431. BGH 1 StR 618/16 – Urteil vom 21. Februar 2017 (LG München I)

Anordnung der Unterbringung in einem psychiatrischen Krankenhaus (Gefährlichkeitsprognose: Voraussetzungen, Darstellung im Urteil auch bei Ablehnung der Anordnung); tatrichterliche Beweiswürdigung (revisionsrechtliche Überprüfbarkeit).

§ 63 StGB; § 267 Abs. 6 Satz 1 StPO; § 261 StPO

1. Die erforderliche Gefährlichkeitsprognose im Sinne des § 63 StGB ist auf der Grundlage einer umfassenden Würdigung der Persönlichkeit des Täters, seines Vorlebens und der von ihm begangenen Anlasstat(en) zu entwickeln (vgl. BGH NStZ-RR 2013, 141) und hat sich darauf zu erstrecken, ob und welche Taten von dem Beschuldigten infolge seines Zustands drohen, wie ausgeprägt das Maß der Gefährdung ist und welches Gewicht den bedrohten Rechtsgütern zukommt (vgl. BGH NStZ-RR 2016, 306). Dabei hat der Tatrichter die für die Entscheidung über die Unterbringung maßgeblichen Umstände in den Urteilsgründen so umfassend darzulegen, dass das Revisionsgericht in die Lage versetzt wird, die Entscheidung nachzuvollziehen (vgl. BGH NStZ 2015, 394, 395).

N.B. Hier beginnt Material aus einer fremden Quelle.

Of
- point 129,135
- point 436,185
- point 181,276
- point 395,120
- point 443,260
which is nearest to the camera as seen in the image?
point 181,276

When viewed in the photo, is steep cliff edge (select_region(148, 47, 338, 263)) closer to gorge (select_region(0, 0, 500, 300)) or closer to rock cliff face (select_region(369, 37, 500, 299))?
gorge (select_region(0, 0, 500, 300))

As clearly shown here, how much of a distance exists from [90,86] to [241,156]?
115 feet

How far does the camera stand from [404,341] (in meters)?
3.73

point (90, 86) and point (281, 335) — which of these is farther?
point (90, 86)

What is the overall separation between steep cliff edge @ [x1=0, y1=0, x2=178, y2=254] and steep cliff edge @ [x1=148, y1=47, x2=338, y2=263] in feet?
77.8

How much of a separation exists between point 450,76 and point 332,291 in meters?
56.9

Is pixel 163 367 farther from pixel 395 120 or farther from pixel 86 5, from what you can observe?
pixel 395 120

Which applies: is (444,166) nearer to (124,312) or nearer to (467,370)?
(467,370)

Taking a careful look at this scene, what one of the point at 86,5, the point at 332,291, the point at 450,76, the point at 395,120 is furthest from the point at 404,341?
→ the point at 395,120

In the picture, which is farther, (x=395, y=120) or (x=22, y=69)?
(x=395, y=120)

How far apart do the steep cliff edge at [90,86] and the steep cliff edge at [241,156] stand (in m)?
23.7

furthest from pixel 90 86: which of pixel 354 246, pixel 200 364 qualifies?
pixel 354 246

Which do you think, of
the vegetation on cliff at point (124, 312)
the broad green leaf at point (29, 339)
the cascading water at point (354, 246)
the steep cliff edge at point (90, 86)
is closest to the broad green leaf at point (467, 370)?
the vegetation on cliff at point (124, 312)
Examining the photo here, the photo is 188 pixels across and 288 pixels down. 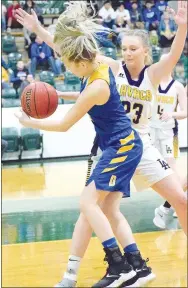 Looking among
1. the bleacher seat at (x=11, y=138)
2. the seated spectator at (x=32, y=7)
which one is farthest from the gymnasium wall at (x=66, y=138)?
the seated spectator at (x=32, y=7)

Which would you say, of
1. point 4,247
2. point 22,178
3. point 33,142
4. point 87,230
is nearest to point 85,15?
point 87,230

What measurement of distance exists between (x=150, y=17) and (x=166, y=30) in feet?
3.82

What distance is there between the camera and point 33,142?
11.0 metres

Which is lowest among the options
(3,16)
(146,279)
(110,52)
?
(146,279)

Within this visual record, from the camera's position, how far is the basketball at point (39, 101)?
3.94m

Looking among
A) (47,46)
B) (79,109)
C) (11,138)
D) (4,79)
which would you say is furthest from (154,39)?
(79,109)

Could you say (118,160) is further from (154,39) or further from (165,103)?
(154,39)

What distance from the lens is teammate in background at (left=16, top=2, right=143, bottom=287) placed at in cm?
387

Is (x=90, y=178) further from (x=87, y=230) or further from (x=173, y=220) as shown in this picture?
(x=173, y=220)

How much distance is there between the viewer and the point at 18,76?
40.9 ft

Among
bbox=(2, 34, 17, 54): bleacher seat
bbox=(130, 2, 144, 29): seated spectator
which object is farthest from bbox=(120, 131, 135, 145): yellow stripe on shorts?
bbox=(130, 2, 144, 29): seated spectator

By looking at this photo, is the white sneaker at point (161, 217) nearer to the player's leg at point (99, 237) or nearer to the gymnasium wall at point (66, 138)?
the player's leg at point (99, 237)

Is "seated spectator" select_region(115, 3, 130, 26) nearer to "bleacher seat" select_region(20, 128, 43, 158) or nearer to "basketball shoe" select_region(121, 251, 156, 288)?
"bleacher seat" select_region(20, 128, 43, 158)

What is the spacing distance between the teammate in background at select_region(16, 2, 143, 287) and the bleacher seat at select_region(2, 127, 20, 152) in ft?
22.8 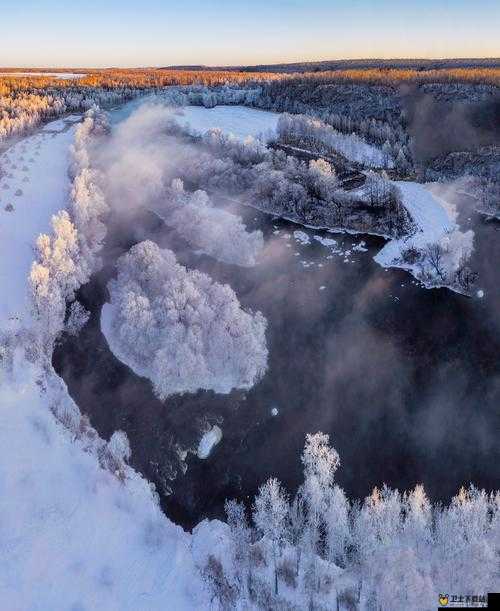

2. Diese Anforderungen gelten nicht lediglich für tatrichterliche Entscheidungen, die eine Unterbringung des Angeklagten oder Beschuldigten in einem psychiatrischen Krankenhaus gemäß § 63 StGB anordnen, sondern auch für die Anordnung ablehnende Erkenntnisse.


Entscheidung

420. BGH 3 StR 535/16 – Beschluss vom 21. Februar 2017 (LG Koblenz)

Sachlich-rechtlich fehlerhafte Anordnung der Unterbringung in einem psychiatrischen Krankenhaus (keine ausreichende Gefährlichkeitsprognose hinsichtlich der Begehung erheblicher Taten durch paranoid-schizophrenen Angeklagten).

§ 63 StGB

Begeht ein an einer paranoiden Schizophrenie leidender Angeklagter im Zustand der krankheitsbedingten Schuldunfähigkeit mehrere geringfügige Straftaten – hier: erkennbar nicht ernstzunehmende „Bombendrohungen“; Versuch des Erwerbs minimaler Mengen vermeintlicher Betäubungsmittel; eher geringfügige Warenkreditbetrügereien –, sind ohne das Hinzukommen besonderer Umstände mangels ausreichender Gefahrprognose regelmäßig nicht die Voraussetzungen das § 63 StGB erfüllt.


Entscheidung

437. BGH 2 StR 291/16 – Beschluss vom 22. Februar 2017 (LG Schwerin)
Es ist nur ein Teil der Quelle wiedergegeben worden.